YOUR INSTRUCTIONS | The answer must be every line from the entries below that includes "Schwarz".

Stored dataset items |
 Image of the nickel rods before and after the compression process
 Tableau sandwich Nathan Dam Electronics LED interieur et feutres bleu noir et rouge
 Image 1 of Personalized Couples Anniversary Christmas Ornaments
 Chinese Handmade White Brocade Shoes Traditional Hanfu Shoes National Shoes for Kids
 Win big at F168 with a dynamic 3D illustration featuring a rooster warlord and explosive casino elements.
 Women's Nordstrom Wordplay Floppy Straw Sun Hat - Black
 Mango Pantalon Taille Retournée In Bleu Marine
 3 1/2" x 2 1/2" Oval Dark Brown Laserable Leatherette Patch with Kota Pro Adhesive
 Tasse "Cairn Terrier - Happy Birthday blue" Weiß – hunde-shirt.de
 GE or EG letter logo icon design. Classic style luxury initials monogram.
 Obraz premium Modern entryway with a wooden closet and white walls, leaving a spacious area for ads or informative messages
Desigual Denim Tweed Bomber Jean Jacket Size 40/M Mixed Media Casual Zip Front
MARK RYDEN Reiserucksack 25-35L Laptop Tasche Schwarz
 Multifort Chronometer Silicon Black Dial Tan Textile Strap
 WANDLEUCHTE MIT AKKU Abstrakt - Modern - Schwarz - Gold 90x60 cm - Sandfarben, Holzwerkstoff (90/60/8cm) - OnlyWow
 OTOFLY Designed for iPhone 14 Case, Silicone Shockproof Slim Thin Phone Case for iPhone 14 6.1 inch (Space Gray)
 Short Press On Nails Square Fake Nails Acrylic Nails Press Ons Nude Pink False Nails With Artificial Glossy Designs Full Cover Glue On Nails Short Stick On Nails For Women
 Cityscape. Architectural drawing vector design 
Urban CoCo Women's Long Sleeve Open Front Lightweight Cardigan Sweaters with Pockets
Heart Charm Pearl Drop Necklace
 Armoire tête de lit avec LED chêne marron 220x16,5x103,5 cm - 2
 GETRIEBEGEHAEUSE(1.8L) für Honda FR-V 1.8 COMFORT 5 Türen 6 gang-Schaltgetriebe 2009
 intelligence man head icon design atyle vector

SOLUTION TO THE PROBLEM |
MARK RYDEN Reiserucksack 25-35L Laptop Tasche Schwarz
 WANDLEUCHTE MIT AKKU Abstrakt - Modern - Schwarz - Gold 90x60 cm - Sandfarben, Holzwerkstoff (90/60/8cm) - OnlyWow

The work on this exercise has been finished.